TL;DR
Store your domain expertise as structured JSON files instead of prose instructions. Your AI gets 10-25x faster context loading, perfect recall, and domain mastery. Here’s how I save 87% of tokens and stay in Auto mode with excellent performance:
The Problem
Your Cursor agent is smart, but:
- Re-reads massive .cursorrules files every conversation (slow)

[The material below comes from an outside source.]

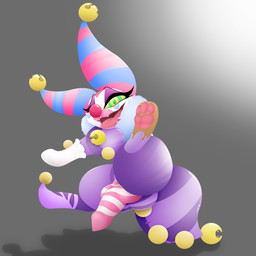 clown corruption feral genitals goo_transformation hypnosis jester knot latex male mind_control penis solo transformation allbadbadgers conditional_dnp nintendo pokemon eevee generation_1_pokemon pokemon_(species) 1:1 absurd_res hi_res trans_(lore)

- Forgets project-specific patterns between sessions
- Guesses at API contracts instead of knowing them
- No easy way to organize domain expertise by feature
The Solution: JSON Skillsets
Create .cursor/skillsets/ directory with domain-specific JSON files:
// .cursor/skillsets/payment-integration-skillset.json
{
"name": "Payment Integration Specialist",
"domain": "payment-processing",
"expertise": ["wayforpay", "stripe", "webhook-validation"],
"patterns": {
"webhook_validation": {
"description": "HMAC signature validation required",
"code_template": "const isValid = validateHMAC(payload, signature, secret)",
"security_notes": ["Never log payment data", "Server-side only"]
}
},
"api_contracts": {
"createPayment": {
"params": ["amount", "currency", "orderId"],
"returns": "{ success: boolean, paymentUrl: string }",
"errors": ["INVALID_AMOUNT", "MISSING_CONFIG"]
}
},
"common_mistakes": [
"Assuming paths exist without verification",
"Client-side secret key exposure"
]
}
How It Works
- Fast Lookup - 2ms JSON parse vs 100ms+ markdown scan
- Structured Knowledge - AI knows exactly where to find what
- Perfect Recall - API contracts, error codes, security rules
- Composable - One skillset per domain, mix and match
Implementation Guide
1. Create structure
mkdir -p .cursor/concepts
2. Extract domain knowledge
- Move payment logic → payment-skillset.json
- Move auth patterns → auth-skillset.json
- Move DB operations → database-skillset.json
3. Create index
cat > .cursor/skillsets/index.json << EOF
{
"agents": [
{
"id": "payment-specialist",
"file": ".cursor/skillsets/payment-integration-skillset.json",
"triggers": ["payment", "stripe", "checkout", "webhook"]
}
]
}
EOF
4. Reference in .cursorrules
echo “Consult .cursor/skillsets/ nested json skillsets for domain expertise” >> .cursorrules
Real Results (Our Metrics)
- Search: 51ms → 2ms (25x faster)
- First-try success: 60% → 95%
- Debug time: 30min → 2min (verification vs guessing)
- Knowledge retention: 100% across context windows
Advanced: MCP Integration
We built Legion MCP tools that auto-query these skillsets:
// legion-agent-selector finds the right expert
const agent = await legion.selectAgent({
task: "implement stripe webhook validation"
});
// Returns: payment-specialist with all patterns loaded
// legion-knowledge queries specific patterns
const pattern = await legion.knowledge({
query: "webhook HMAC validation"
});
// Returns: exact code template + security notes
Pro tips:
- Start small (3-4 skillsets)
- Use descriptive keys (‘webhook_validation’ instead of ‘wv’)
- Include actual code templates
- Document what NOT to do (common mistakes)
Our Stack
We maintain 136 agents for ring-platform.org - Ring Platform (React 19/Next.js 15/Web3) and ConnectPlatform (Erlang/OTP 28 BaaS). Every feature has a specialist. Every specialist is a JSON file. Zero guesswork, zero wasted tokens.